### Problem
Could you return the data that follows exactly, minus the images?
(Data)
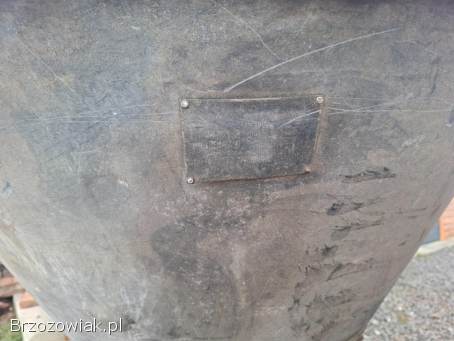 Sprzedam rozsiewacz do nawozu agromet brzeg lejek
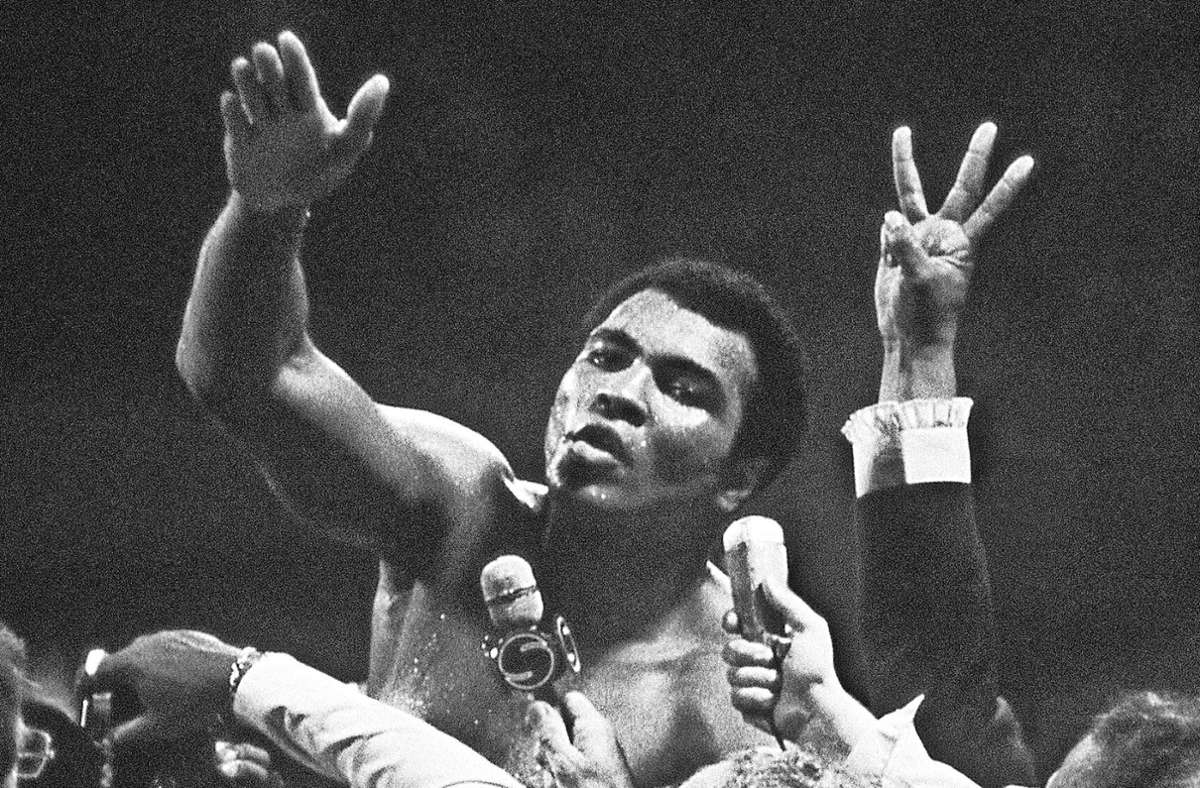 Ali nach einem seiner Sieg vor den Mikrofonen der  Presse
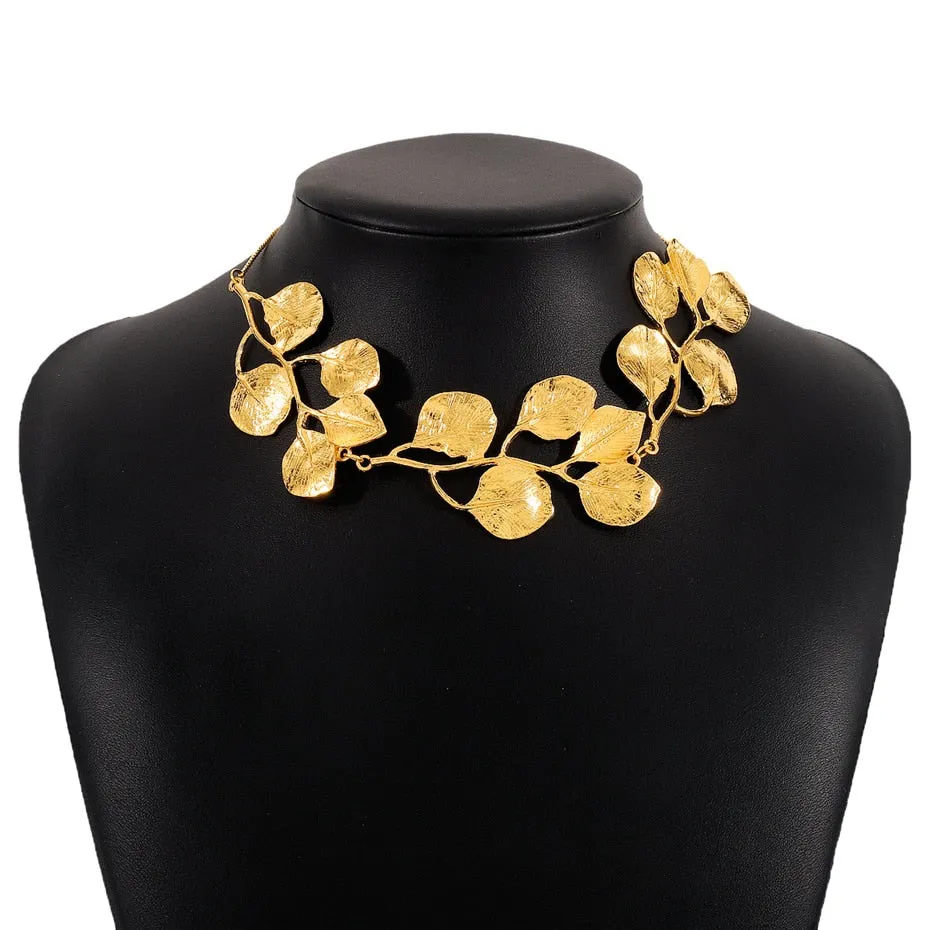 TEEK - Scattered Leaf Necklace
(End Data)
### Problem solution
 Sprzedam rozsiewacz do nawozu agromet brzeg lejek
 Ali nach einem seiner Sieg vor den Mikrofonen der  Presse
 TEEK - Scattered Leaf Necklace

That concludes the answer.